From what I understand the true Seiryu Stones from the Seiryu region of Japan have not been exported for years. The vast majority of the 'Seiryu Stones' we see being sold on the forums today are actually 'Ying Stones' from the SE area of China. Ying stone is limestone with calcite deposits similar to the 'lace rock' limestone we see from Texas. Of course limestone will increase the hardness and PH of my water, especially if I neglect my water changes.

Ying Stone









Ying Stone if 45 gallon (tall)


----------



## FenderOffset238

I find it easier to just go to my local streams and collect interesting rocks of choice. I just match them according to type. Plus all the stones are from the same region so I find it easier to get that "natural look." Plus its nice to take a walk by water sources, great place for tank inspiration!

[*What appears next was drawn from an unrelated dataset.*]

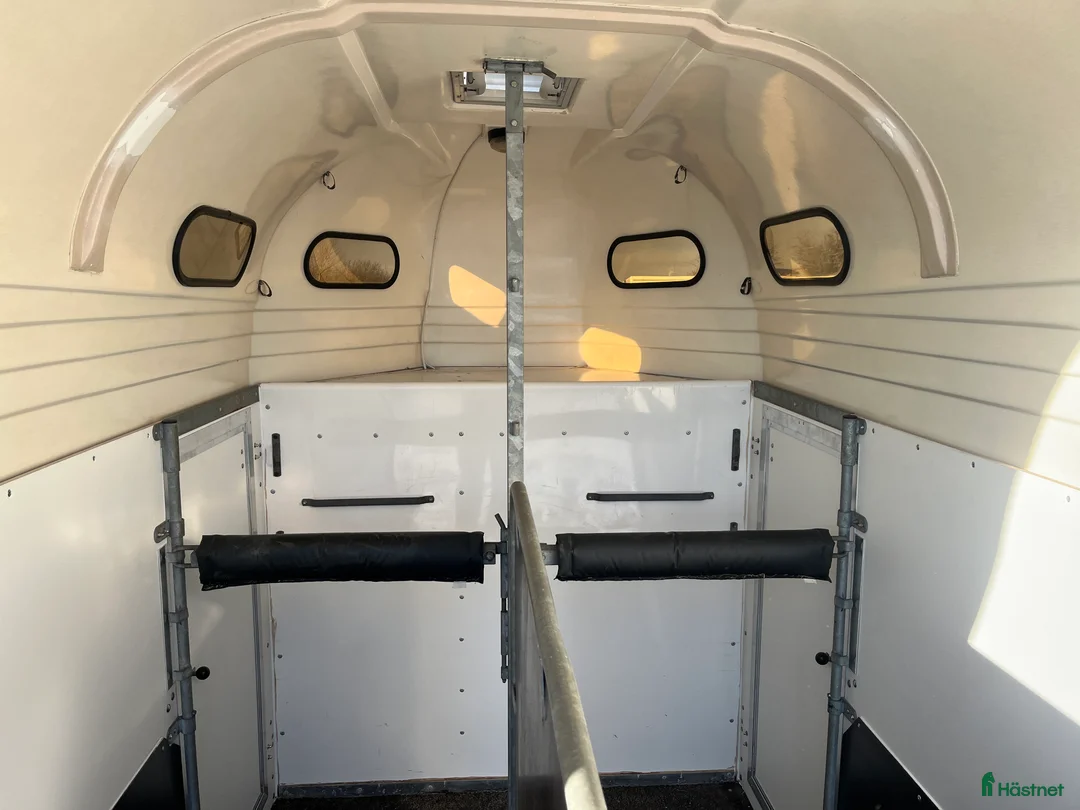 Hästtransporter  fordon & transport till salu: Renoverad Boj Bravo 220SEH i Klippan - Annons 10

I just throw um in a bucket for a few days and make sure they dont alter parameters. As well as give um' a good boil.

-John


----------



## Colorful

shrimpNewbie said:


> Is your water liquid rock to begin with?


The ph of my tap water is 8.0, but usually I just use 75% RO water, and 25% tap water for water changes.



FenderOffset238 said:


> I find it easier to just go to my local streams and collect interesting rocks of choice. I just match them according to type. Plus all the stones are from the same region so I find it easier to get that "natural look." Plus its nice to take a walk by water sources, great place for tank inspiration!
> 
> I just throw um in a bucket for a few days and make sure they dont alter parameters. As well as give um' a good boil.
> 
> -John


Thanks for the advice. I think I'll go down to the regional park today, and look for some rocks :bounce:.


----------



## exv152

Colorful said:


> Anyone know any good alternatives to seiryu stones? I have seiryu stones in my empty 10 gal tank, and it raises the ph to 9.0 . So, now I'm looking for some inert stones that look similar to seiryu stones. Anyone have any? :help:


AFA probably has some in San Fran, but I guess that's like a 7 hour drive for you. They have Ryuoh, pa hai and some others that look similar.


----------



## xmas_one

Has anyone tried clear coating seiryu?


----------



## Colorful

exv152 said:


> AFA probably has some in San Fran, but I guess that's like a 7 hour drive for you. They have Ryuoh, pa hai and some others that look similar.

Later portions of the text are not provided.